In the 21st century what is meant by a “natural landscape”? What is it that makes a landscape special? How do the people who live, work and play in a particular area relate to It? What part do these landscapes play in the lives of those who live in more urban environments?

In the event of changes to the landscape brought about by significant climate change, how will people respond to any measures taken to help protect that landscape and its possible uses?

Thursday, 27 May 2010

Scientific look at the landscape:

Waun Figen Felen (SN823178) contains a large expanse of exposed peat. There are different theories to explain how the erosion started. However none of these account for the way in which almost all the vegetation has been stripped or fatally damaged in a single event, such as fire, and then subsequently exacerbated by causes such as grazing, wind and rain erosion. A peat bog operates like a living organism. A healthy blanket bog has a symbiotic relationship with the rich and diverse flora and fauna that inhabit it and help to keep it operating efficiently. A healthy peat bog stores carbon.

In contrast a weak and sickly peat bog is not in balance and invasive species take up the space once occupied by the sphagnum moss, cotton grass and other rich and diverse species. Molinia is a golden grass that in some areas is so dominant; it now seems to give large areas of the hills their colour and texture. This grass is also a highly inflammable material. A peat bog on fire releases masses of carbon back into the atmosphere and so the damage is doubled.

Thursday, 20 May 2010

Elan Valley

Elan Village

The sun was shining as I left Worcester, but by the time I arrived at Llanwrthwl Church the cloud was down and there was a steady light drizzle. I had arranged to meet a National Park Warden in order to find out a little about the job of a warden and what the work entailed.

As we started to climb up along the side of the Elan valley and out onto the top, the cloud rolled in and out and on and off the tops of the hills until gradually lifting to reveal patches of blue sky and warm sun.

We visited a blanket bog where work was underway to try to slow down the deterioration of the site. This was on a much smaller scale to the work being undertaken at Craig-y-nos. Whilst the bog was still holding water, and contained large patches of healthy bright green sphagnum moss, there was also evidence of dry peat and deeper gullies. The peat bog on top of the hill has always moved, but sometime during the last hundred years the sides have blown out causing the subsidence and exposure of bare peat. This problem has been worsened by fires at different times and the combined effect has been to allow more invasive species to take hold and therefore unsettle the fine balance of life within the bog.

Walking through this landscape even to my untrained eye it was apparent that there was a richer diversity of insect life, lichens mosses and grasses on this great expanse of protected land. Protected by people but not inhabited by them, one or two ancient cairns still survive to mark the way for the occasional walker, but mostly this is a landscape without people.

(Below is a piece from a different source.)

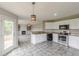 Bright kitchen with white cabinets, granite countertops, stainless steel appliances, and tile flooring at 1316 Durham Ter, Mcdonough, GA 30252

I had met my guide in the morning for the first time, a young woman half my age. As we walked, we talked, looked and learnt about each other and our understanding of the world we are living in. This for me is the essence of what a good walk does.

Quote from the walk

“Things that evolve over a short period of time tend to die out very quickly, but things that last, evolve over millions of years. In 10 thousand years of civilisation I can’t believe our brains have changed that much, we are not that different from those people 6 thousand years ago, it is just that we have advanced the technology……..”

Thursday, 13 May 2010

1st Entry

The health of the grassess is a very imortant issue.

This is the first blog of the Change, Climate Landscape, Me, project and I do hope that lots of people feel interested enough to add comments to the site. I want to hear from those who have an interest in the area of Brecon, not just those connected to the landscape; or those who have specialist interests in the natural environment, climate change or even art, but obviously their contributions are also most welcome.

I am interested to hear from as many people as possible including members of the Armed Forces who only stay in the area for brief period’s of time before moving on to meet new tasks and challenges. I would also like to hear from those who, from one generation to the next, have never lived anywhere else.

I would like to hear from those people who would like to change things, who feel that life in the Brecon area could be improved. What do young people do? Do they feel involved in the community across all ages or do they feel a little disenfranchised?

Since the project got underway at the beginning of May I have spoken to individuals from the National Trust; volunteer groups; graziers; and people from the National Parks I have found all these meetings very interesting. I have learnt something about the complexities associated with the business of looking after the natural landscape. There are obviously very different and sometimes quite conflicting concerns connected to general issues as well as specific geographic areas.

I look forward to talking to and sharing information with anyone who is interested in getting involved, whoever you are and wherever you are from.